**Required action**
Give the records back in full, exactly as they read.

————

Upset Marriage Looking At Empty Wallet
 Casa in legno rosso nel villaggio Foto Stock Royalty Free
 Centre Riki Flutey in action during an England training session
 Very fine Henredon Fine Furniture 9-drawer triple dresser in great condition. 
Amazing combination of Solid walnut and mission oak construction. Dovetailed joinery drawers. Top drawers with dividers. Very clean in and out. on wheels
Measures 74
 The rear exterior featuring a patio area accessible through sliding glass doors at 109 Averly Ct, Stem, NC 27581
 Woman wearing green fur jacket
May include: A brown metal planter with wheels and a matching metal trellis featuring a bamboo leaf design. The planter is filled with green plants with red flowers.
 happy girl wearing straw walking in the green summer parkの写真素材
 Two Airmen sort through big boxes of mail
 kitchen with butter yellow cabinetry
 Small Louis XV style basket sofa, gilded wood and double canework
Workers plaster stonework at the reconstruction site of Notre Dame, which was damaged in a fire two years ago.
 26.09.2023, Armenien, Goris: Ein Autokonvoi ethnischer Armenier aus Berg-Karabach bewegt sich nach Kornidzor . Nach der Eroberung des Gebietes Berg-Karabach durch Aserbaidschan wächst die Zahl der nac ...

————

**Solution to the problem**
Upset Marriage Looking At Empty Wallet
 Casa in legno rosso nel villaggio Foto Stock Royalty Free
 Centre Riki Flutey in action during an England training session
 Very fine Henredon Fine Furniture 9-drawer triple dresser in great condition. 
Amazing combination of Solid walnut and mission oak construction. Dovetailed joinery drawers. Top drawers with dividers. Very clean in and out. on wheels
Measures 74
 The rear exterior featuring a patio area accessible through sliding glass doors at 109 Averly Ct, Stem, NC 27581
 Woman wearing green fur jacket
May include: A brown metal planter with wheels and a matching metal trellis featuring a bamboo leaf design. The planter is filled with green plants with red flowers.
 happy girl wearing straw walking in the green summer parkの写真素材
 Two Airmen sort through big boxes of mail
 kitchen with butter yellow cabinetry
 Small Louis XV style basket sofa, gilded wood and double canework
Workers plaster stonework at the reconstruction site of Notre Dame, which was damaged in a fire two years ago.
 26.09.2023, Armenien, Goris: Ein Autokonvoi ethnischer Armenier aus Berg-Karabach bewegt sich nach Kornidzor . Nach der Eroberung des Gebietes Berg-Karabach durch Aserbaidschan wächst die Zahl der nac ...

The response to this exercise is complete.